- Location: Burnett County, Wisconsin
- Nearest city: Grantsburg, WI
- Coordinates: 45°42′44″N 92°44′15″W﻿ / ﻿45.71222°N 92.73750°W
- Area: 13,649 acres (55.24 km^{2})
- Established: 1946
- Governing body: Wisconsin Department of Natural Resources

= Fish Lake Wildlife Area =

State Wildlife Area in Wisconsin

The Fish Lake Wildlife Area(FLWA) is a 13,649 acre tract of protected land located in Burnett County, Wisconsin, managed by the Wisconsin Department of Natural Resources (WDNR). Lands to be included in the wildlife area were first purchased in 1945 with the goal of restoring the conditions of the general area to what was observed in 1850, right before the first human settlements reached the area. The FLWA is made up of three separate areas, the 13,609 acre Fish Lake Habitat Management Area, the 40 acre Fish Lake Pines State Natural Area and the Grettum Flowage Wildlife Refuge zone.

==Fish Lake==
The lake for which the wildlife area is named has an area of 330.09 acre and a maximum depth of 29 ft. The lake is noted for being exceptionally clear in both the east and west basin, with water clarity, perception, and color all receiving the best possible grades. Boat access to the lake is provided via a boat landing off of Pine Knoll Lane.

==Land cover==
The first portion of land that was labelled as part of the FLWA had an area of 3,277 acre and was seized as tax-delinquent land. The FLWA was included in the Glacial Lake Grantsburg property complex, which also includes the Amsterdam Sloughs Wildlife Area and the Crex Meadows Wildlife Area, and as such was subject to the long range goal of all three units being managed for waterfowl.
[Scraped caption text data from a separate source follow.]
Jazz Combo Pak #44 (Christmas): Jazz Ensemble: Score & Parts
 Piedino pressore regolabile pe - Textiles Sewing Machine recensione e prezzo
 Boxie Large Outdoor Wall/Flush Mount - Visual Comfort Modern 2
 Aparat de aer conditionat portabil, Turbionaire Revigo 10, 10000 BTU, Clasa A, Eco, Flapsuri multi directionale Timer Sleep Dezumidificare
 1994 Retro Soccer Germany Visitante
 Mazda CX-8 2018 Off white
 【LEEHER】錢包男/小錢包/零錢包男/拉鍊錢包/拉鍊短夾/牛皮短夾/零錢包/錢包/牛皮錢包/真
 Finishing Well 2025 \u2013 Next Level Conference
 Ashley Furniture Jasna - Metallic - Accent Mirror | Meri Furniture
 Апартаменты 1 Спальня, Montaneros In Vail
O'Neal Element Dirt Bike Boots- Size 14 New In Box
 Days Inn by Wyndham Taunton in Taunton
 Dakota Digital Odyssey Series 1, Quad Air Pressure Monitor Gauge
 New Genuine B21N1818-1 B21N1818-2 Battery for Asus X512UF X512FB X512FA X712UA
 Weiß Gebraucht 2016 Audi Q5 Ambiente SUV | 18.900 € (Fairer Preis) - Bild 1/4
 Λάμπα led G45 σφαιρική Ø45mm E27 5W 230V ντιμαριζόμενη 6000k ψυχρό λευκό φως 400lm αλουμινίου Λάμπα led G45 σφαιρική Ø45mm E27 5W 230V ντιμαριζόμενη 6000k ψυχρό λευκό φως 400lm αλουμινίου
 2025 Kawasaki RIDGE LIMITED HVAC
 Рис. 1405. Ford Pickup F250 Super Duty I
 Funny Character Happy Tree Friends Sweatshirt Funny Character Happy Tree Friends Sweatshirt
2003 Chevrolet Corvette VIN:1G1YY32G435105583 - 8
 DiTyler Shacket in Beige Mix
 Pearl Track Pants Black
In 1975 the first master plan was approved for the wildlife area, which now had an area of 13,240 acre, excluding the 799 acre of private land that was considered within the boundaries of the wildlife area.

1975 Cover Type Acreage
| Cover type | Acres | Percentage cover |
|---|---|---|
| Aspen and white birch | 1,136 | 8% |
| Firebreaks | 248 | 2% |
| Grass and upland brush | 1,385 | 10% |
| Grass marsh | 6,301 | 48% |
| Oak | 1,684 | 12% |
| Open water | 478 | 4% |
| Pine | 1,940 | 15% |
| Swamp hardwoods | 148 | 1% |
| Total Acreage | 13,240 | 100% |

Current Cover Type Acreage
| Current cover type | Acres | Percentage Cover |
|---|---|---|
| Aspen | 981 | 7% |
| Developed | 10 | <1% |
| Field | 100 | <1% |
| Grassland | 1,063 | 8% |
| Non-forested wetland | 6,080 | 45% |
| Oak | 3,333 | 25% |
| Swamp conifer | 10 | <1% |
| Swamp hardwood | 40 | <1% |
| Upland conifer | 639 | 5% |
| Upland hardwood | 111 | <1% |
| Water | 1,242 | 9% |
| Total Acreage | 13,609 | 100% |

==Flora and Fauna==
There are several different types of trees residing in the Wildlife Area, the most prominent being oak, maple, hemlock, and red pine. In addition to the varied flora, in both Swan Lake and the surrounding marshland, musky, Northern pike, largemouth bass, walleye and northern pike are commonly found. Besides sea dwelling fauna, black tern, turkey and shorebirds have been known to frequent the area.